The Student Union of Tampere University (, commonly known by the acronym TREY) is a Finnish student union that was formed in the fusion of The Student Union of Tampere University of Technology and The Student Union of the University of Tampere. As a student union, the purpose of TREY is to defend student interests in Tampere. TREY protects the interests of students, facilitates the work of student associations, provides services for its members as well as creates a sense of community.

The Chair of Board of the Student Union in 2023 is Anniina Honkasaari and the Chair of the Council of Representatives is Lauri Ahlqvist.

Organisation 
TREY's membership includes all the undergraduate student who study at Tampere University. The number of members is 18,000 making TREY the second largest student union in Finland. Doctoral and exchange students at Tampere University can choose to join the student union, as well. Students become members of TREY by paying the membership fee and registering at the university. In total, TREY has approximately 18,000 members, who study in Tampere, Turku, Pori and Seinäjoki.
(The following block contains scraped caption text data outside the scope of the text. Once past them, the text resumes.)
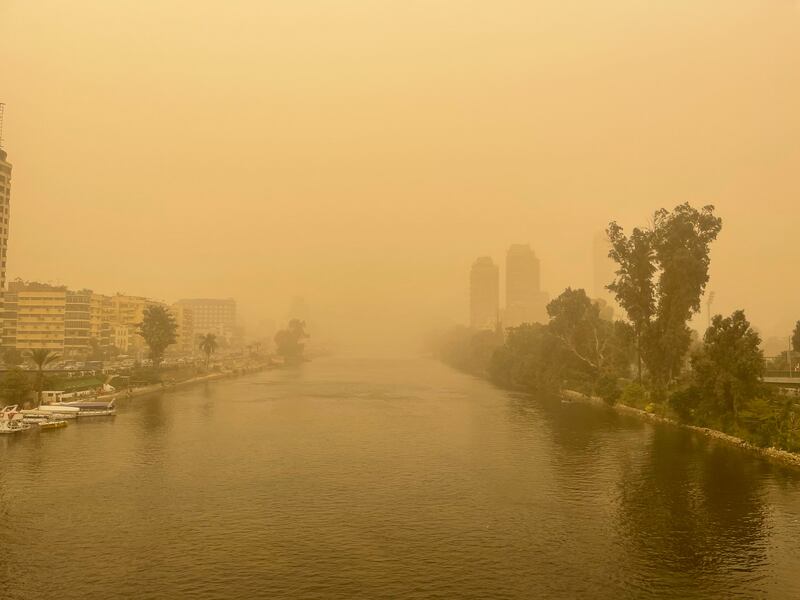 Visibility is severely reduced as Egypt's capital Cairo is hit by a sandstorm. All Photos Mahmoud Nasr / The National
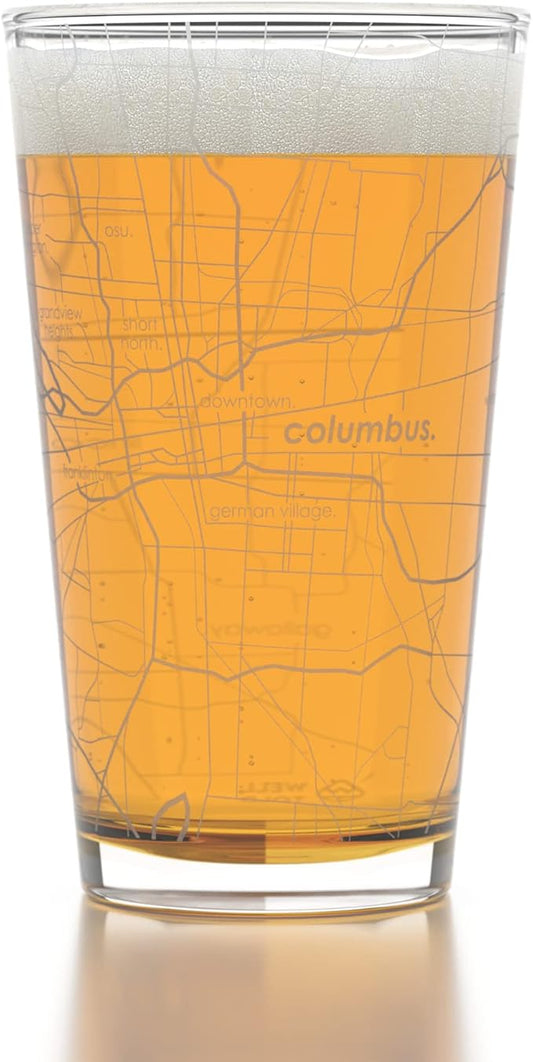 Well Told Engraved Columbus Ohio Map Pint Glass, Etched Beer Gift (16 oz, Clear) City Map Pint, Custom City Glassware, Gifts For Beer Lovers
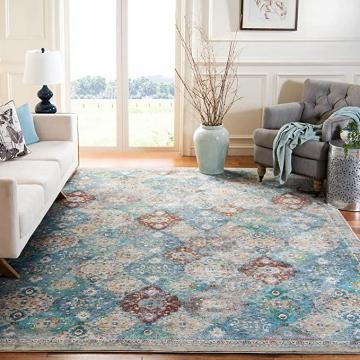 Safavieh Luxor Collection LUX329A Handmade Boho Chic Area Rug, 5'3" x 7'7", Ivory Turquoise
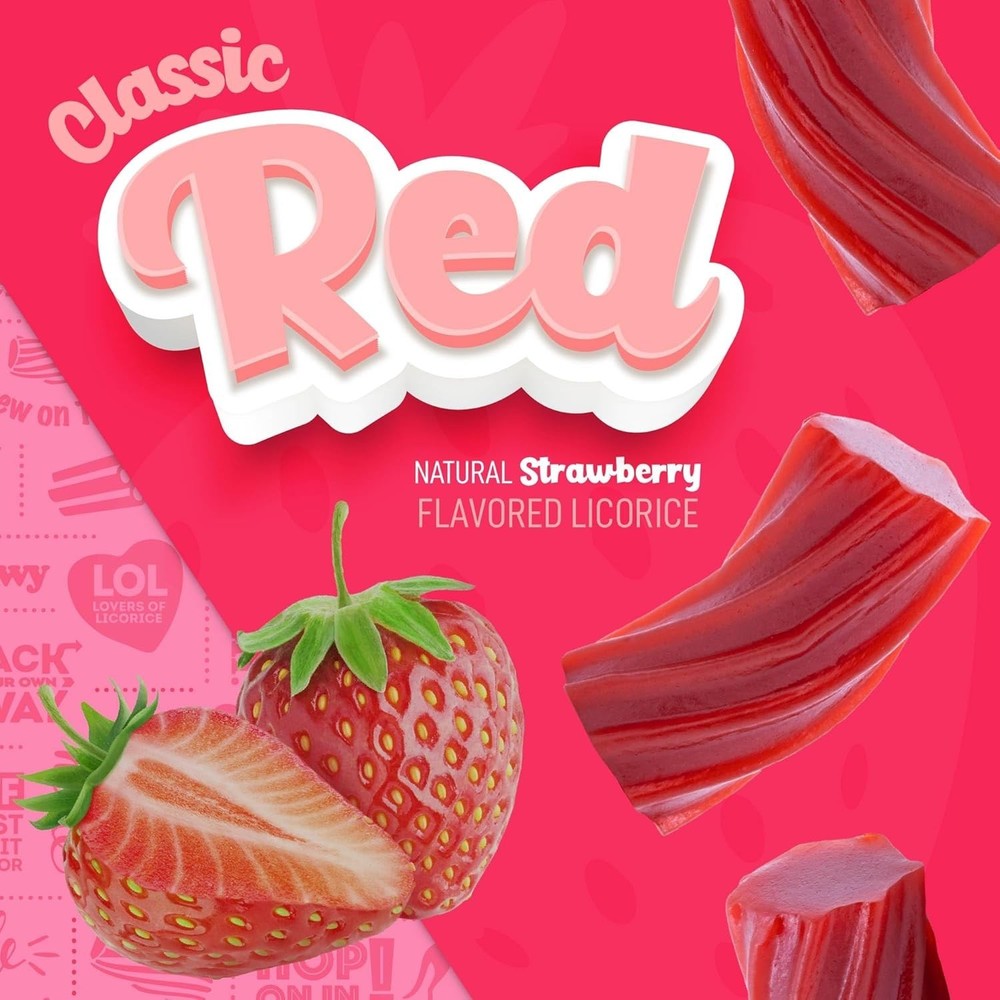 Australian Red Licorice Candy Twists, 24 oz, 2 Pack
In the organisation of the student union, the highest decision-making power belongs to the Council of Representatives, who are elected from among the members every two years in representative elections. The council appoints the Executive Board, which decides on the day-to-day operations of the student union. For the purpose of providing daily services and doing long-term advocacy work, the student union employs a number of specialists and office staff.

Operations

Advocacy 
The student union promotes the interests of its members, especially at Tampere University and the City of Tampere, but also in the Finnish society. The student union has policy outlines decided by the Council of Representatives, within the framework of which advocacy work is carried out. Advocacy work happens in different sectors, such as educational affairs, social affairs and international affairs. Advocacy work is also done in cooperation with student associations.

Associations 
Over 150 associations operate within TREY. Advocacy associations operate on the faculty level, and their members are other associations. The advocacy associations supervise the interests of their faculty’s students, organise training for their member associations and build community spirit 66 within the faculty. Subject associations with student intake are consortiums of students of certain subjects or fields, which advocate for their members in the degree programmes and organise free-time activities for the students. They also organise tutoring together with the student union and the university. The subject associations in engineering fields are called guilds. Other subject associations are subject associations that don’t have student intake. They do the same things as the other subject associations, but you can usually become a member when you know your area of specialisation. Most associations within TREY are hobby associations that operate on the basis of a hobby, interest or conviction. Vocational clubs are hobby associations dedicated to specific fields. Vocational clubs maintain relationships between students, institutions and companies in the field in a manner very similar to subject associations without student intake.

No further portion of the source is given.